Coast Guard halts illegal charter operation at Watson Island

A 20-foot pleasure craft moored at Watson Island, Florida, Feb. 18, 2019. The operator of the vessel was boarded by the Coast Guard and cited for violation of 46 C.F.R. 176.100A for not having a valid Certificate of Inspection, violation of 46 C.F.R. 15.515B for not having a credentialed mariner in control while operating a small passenger vessel, violation of 46 C.F.R. 16.201 for failure to have a drug and alcohol program and violation of 46 C.F.R. 170.120 for failure to have a valid stability letter. Coast Guard Photo by Petty Officer 3rd Class Stephen Pierce.

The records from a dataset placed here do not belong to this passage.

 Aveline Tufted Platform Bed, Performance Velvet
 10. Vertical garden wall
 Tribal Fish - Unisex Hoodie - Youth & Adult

A 20-foot pleasure craft moored at Watson Island, Florida, Feb. 18, 2019.  Coast Guard Photo by Petty Officer 3rd Class Stephen Pierce.

MIAMI — The Coast Guard terminated the voyage of a 20-foot pleasure craft with seven people aboard Monday at Watson Island after discovering multiple safety violations.

A Coast Guard Station Miami Beach 33-foot Special Purpose Craft-Law Enforcement boatcrew conducted the boarding of the pontoon vessel at Watson Island where they discovered the following violations:

  • Violation of 46 C.F.R. 176.100A for not having a valid Certificate of Inspection.
  • Violation of 46 C.F.R. 15.515B for not having a credentialed mariner in control while operating a small passenger vessel.
  • Violation of 46 C.F.R. 16.201 for failure to have a drug and alcohol program.
  • Violation of 46 C.F.R. 170.120 for failure to have a valid stability letter.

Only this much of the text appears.